In an embodiment, the IEC is employed in an oil-filled transformer. For example, electrical wire (e.g., copper or copper-alloy wire) may be wrapped with an EIS as disclosed herein to form an IEC. The IEC may be further processed (e.g., wound or coiled) and placed in an electrical transformer housing. In some embodiments, the electrical transformer may be filled with oil (e.g., mineral oil), and the oil may soak into the EIS wrap of the IEC.

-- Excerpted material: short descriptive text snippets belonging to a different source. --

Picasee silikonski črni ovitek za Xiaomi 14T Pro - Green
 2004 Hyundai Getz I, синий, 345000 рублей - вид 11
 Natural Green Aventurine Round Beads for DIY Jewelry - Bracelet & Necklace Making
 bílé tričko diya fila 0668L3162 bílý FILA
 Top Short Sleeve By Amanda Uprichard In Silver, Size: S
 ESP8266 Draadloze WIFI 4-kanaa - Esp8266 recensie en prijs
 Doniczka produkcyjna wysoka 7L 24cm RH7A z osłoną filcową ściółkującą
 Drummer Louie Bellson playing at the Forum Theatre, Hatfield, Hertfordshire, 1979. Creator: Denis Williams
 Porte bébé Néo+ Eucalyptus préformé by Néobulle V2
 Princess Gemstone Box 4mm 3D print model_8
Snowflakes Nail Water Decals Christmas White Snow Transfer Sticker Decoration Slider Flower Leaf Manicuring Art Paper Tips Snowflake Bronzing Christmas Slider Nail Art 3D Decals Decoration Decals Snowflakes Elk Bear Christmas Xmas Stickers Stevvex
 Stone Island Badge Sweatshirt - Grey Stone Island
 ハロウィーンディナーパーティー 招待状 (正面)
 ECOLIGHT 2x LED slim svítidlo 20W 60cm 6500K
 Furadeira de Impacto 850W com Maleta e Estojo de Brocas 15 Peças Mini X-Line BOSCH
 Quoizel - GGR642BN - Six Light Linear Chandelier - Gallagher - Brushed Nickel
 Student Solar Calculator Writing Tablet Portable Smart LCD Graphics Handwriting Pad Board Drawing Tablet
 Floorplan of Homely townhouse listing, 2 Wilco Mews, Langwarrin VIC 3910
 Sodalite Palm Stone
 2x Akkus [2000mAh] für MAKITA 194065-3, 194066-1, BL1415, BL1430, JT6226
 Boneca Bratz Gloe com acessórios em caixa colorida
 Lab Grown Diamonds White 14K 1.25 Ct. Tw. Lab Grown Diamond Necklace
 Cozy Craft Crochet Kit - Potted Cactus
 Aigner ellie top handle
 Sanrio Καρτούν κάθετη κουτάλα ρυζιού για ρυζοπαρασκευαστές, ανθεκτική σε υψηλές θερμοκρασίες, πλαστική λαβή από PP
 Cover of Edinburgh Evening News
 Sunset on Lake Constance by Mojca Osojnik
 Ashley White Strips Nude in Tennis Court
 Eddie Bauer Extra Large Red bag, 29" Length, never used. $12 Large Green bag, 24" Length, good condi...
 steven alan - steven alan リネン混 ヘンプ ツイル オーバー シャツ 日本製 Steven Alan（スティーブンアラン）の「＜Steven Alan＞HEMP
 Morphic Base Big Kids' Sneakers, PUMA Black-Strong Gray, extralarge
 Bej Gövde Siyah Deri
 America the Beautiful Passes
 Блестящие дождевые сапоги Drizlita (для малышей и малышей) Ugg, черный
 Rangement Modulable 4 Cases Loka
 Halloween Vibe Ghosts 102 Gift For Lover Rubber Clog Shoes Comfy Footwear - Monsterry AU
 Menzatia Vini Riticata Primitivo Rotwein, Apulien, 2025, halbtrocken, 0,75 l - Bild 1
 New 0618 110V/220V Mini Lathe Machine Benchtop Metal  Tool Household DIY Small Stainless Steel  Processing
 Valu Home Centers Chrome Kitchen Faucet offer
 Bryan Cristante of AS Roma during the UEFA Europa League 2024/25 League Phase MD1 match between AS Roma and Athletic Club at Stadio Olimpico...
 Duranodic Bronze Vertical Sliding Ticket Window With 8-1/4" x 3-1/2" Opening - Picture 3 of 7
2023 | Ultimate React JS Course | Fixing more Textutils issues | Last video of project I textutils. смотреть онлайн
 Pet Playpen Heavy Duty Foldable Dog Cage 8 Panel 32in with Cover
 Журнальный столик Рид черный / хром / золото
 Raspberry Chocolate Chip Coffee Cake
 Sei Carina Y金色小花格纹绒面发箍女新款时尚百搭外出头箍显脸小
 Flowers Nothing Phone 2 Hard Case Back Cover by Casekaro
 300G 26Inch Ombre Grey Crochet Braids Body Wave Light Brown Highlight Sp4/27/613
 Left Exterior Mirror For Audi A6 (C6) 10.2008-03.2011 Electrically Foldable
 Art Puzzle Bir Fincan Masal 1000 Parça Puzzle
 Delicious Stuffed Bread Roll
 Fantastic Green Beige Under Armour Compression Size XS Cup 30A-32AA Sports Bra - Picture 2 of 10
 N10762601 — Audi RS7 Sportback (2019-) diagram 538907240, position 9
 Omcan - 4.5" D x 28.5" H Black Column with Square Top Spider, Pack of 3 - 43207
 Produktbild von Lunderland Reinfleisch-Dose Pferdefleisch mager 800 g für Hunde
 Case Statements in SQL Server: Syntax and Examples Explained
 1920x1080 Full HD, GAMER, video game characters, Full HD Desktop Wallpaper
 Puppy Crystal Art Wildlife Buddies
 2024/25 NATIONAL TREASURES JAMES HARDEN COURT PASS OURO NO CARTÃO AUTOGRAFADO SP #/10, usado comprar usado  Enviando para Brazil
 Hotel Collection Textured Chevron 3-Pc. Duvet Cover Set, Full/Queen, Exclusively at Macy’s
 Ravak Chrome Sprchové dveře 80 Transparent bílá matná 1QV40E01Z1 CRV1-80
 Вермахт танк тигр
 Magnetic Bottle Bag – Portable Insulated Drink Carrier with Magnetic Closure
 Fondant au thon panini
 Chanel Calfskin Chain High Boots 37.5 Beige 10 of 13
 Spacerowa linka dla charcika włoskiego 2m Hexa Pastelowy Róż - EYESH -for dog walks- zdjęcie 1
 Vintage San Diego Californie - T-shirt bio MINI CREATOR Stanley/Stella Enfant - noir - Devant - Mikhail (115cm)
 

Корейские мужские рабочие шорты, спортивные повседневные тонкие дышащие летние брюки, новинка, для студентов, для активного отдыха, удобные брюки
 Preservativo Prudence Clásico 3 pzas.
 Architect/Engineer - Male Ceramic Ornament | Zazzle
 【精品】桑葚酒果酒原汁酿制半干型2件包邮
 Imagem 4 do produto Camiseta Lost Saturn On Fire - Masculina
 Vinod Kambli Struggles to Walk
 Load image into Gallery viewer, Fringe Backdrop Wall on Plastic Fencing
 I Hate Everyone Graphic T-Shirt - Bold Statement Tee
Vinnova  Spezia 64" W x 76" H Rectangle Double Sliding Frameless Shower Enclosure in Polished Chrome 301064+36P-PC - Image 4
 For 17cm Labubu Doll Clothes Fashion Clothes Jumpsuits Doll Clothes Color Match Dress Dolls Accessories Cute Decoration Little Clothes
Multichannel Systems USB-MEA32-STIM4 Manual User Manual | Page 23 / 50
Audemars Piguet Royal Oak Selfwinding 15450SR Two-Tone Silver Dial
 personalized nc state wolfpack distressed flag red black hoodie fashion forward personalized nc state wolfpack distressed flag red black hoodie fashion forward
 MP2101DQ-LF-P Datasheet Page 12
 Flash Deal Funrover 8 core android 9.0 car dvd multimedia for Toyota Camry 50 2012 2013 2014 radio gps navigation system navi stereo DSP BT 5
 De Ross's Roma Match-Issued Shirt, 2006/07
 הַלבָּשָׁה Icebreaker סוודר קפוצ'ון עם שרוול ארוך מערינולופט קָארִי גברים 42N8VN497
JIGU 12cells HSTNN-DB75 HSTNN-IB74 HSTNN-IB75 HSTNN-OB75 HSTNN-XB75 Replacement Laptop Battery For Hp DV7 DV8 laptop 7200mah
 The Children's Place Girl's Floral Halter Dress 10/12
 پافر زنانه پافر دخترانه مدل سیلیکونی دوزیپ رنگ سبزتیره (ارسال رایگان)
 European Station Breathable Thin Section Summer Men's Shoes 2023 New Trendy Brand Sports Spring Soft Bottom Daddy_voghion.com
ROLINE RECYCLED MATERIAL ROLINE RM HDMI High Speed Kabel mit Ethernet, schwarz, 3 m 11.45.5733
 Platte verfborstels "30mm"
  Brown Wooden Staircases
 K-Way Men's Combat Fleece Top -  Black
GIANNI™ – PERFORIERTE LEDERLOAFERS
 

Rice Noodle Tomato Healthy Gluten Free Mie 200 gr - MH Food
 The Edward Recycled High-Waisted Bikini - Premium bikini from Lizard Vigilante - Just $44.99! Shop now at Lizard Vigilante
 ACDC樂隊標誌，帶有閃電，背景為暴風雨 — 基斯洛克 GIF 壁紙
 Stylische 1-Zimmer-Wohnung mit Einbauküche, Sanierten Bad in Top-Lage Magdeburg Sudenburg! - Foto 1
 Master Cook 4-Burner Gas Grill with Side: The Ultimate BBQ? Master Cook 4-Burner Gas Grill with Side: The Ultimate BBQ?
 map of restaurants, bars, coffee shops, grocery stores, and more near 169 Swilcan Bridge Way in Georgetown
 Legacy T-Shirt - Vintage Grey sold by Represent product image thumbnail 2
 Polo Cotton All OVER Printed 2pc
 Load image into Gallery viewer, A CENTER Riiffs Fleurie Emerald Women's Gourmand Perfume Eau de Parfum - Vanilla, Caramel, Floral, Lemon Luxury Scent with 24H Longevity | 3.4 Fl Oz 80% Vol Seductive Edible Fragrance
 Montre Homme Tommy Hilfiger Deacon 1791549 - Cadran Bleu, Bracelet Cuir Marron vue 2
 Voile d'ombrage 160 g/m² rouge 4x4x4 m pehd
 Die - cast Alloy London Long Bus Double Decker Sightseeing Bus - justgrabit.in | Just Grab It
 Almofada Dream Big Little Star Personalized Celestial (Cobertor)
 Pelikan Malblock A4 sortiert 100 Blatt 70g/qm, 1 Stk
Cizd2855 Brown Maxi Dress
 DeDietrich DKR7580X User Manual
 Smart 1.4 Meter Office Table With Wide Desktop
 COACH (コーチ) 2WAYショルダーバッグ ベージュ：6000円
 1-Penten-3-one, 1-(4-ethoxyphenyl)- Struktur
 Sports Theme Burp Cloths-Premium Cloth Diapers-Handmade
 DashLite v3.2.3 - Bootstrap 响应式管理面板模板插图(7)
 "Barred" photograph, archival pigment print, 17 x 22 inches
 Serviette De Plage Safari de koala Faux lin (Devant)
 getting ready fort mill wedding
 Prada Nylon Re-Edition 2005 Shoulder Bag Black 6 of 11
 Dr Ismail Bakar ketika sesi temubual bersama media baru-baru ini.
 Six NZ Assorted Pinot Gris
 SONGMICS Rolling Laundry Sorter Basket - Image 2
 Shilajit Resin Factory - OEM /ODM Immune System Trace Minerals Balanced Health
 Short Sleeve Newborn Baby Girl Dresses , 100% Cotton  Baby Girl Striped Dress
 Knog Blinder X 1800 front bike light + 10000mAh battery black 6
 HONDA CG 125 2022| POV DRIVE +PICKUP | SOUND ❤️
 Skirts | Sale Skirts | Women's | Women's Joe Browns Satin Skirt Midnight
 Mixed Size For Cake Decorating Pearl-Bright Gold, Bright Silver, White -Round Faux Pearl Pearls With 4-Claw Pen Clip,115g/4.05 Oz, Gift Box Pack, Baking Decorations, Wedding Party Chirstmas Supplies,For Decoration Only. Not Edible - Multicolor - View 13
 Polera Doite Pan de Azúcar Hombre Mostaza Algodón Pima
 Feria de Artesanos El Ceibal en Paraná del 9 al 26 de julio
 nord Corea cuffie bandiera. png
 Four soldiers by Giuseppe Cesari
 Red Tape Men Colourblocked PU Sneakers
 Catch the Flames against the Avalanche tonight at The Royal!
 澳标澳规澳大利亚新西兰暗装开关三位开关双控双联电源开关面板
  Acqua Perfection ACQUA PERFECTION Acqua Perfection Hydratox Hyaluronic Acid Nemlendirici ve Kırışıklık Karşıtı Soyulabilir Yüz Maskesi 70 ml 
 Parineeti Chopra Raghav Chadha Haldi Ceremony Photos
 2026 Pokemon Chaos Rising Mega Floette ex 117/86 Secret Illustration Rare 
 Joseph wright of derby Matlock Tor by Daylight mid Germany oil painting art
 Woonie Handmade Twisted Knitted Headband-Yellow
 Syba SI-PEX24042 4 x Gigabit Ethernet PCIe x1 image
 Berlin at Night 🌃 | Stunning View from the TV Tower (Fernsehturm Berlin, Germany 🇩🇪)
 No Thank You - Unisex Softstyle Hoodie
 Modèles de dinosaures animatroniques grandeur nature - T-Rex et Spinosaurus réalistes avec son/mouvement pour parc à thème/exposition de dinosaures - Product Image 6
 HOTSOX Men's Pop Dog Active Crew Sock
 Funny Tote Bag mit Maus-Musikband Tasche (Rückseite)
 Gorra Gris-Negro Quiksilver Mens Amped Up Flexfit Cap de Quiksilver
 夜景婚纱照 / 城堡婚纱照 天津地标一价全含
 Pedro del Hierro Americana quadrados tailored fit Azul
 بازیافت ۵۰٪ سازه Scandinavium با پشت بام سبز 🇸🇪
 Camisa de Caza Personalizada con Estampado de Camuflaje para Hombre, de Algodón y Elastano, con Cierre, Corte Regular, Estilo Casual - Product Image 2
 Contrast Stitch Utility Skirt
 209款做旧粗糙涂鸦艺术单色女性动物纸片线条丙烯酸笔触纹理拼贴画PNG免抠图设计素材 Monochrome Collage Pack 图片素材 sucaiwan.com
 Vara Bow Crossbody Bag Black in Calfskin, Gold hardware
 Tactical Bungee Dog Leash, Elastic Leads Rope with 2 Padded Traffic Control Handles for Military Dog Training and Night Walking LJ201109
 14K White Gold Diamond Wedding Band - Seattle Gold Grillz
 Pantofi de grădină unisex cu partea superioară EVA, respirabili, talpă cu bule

In an embodiment, a method comprises preparing a fibrous slurry comprising a nanofibrillated fiber component (e.g., acrylic fiber); vacuum casting the slurry to form a sheet; preparing a saturant comprising a binder element (e.g., a carboxylated styrene polymer) and a dielectric additive (e.g., a fluoropolymer), both of the type described previously herein; saturating the vacuum cast sheet with the saturant; and drying and curing the saturated sheet to form a dried sheet. The method may further comprise creping the dried sheet, sliting the sheet to form a tape, wrapping an electrical conductor with the tape to form an insulated electrical conductor, and contacting the insulated electrical conductor with oil (e.g., within an oil-filled electrical transformer.

In an embodiment, a method comprises preparing a slurry comprising a fibrillated acrylic fiber, a carboxylated styrene polymer and a fluoropolymer; forming the slurry into a sheet or tape; covering at least a portion of an electrical conductor with the sheet or tape; and contacting at least a portion of the electrical conductor with an oil, wherein the oil is at a temperature of from about 100° C. to about 220° C. and wherein the oil is housed within an electrical transformer.

In an embodiment, a method comprises preparing a SMS comprising a nanofibrillated fiber component (e.g., acrylic fiber); a saturant comprising a binder element (e.g., a carboxylated styrene polymer) and a dielectric additive (e.g., a fluoropolymer), all of the type described previously herein. The SMS may be used to prepare a sheet using any suitable sheet forming methodology. The sheet may then be subjected to additional processing. In an embodiment, the sheet is hot calendered. Alternatively, the sheet is creped and/or microcreped. Alternatively, the sheet is hot calendered and then creped. Alternatively, the sheet is hot calendered and then microcreped. Alternatively the sheet is creped and then hot calendered. Alternatively, the sheet is microcreped and then hot calendered. In the aforementioned embodiments, the resultant sheet having been subjected to a calendering and/or creping process is termed the processed sheet. The method may further comprise sliting the processed sheet to form a tape, wrapping an electrical conductor with the tape to form an insulated electrical conductor, and contacting the insulated electrical conductor with oil (e.g., within an oil-filled electrical transformer.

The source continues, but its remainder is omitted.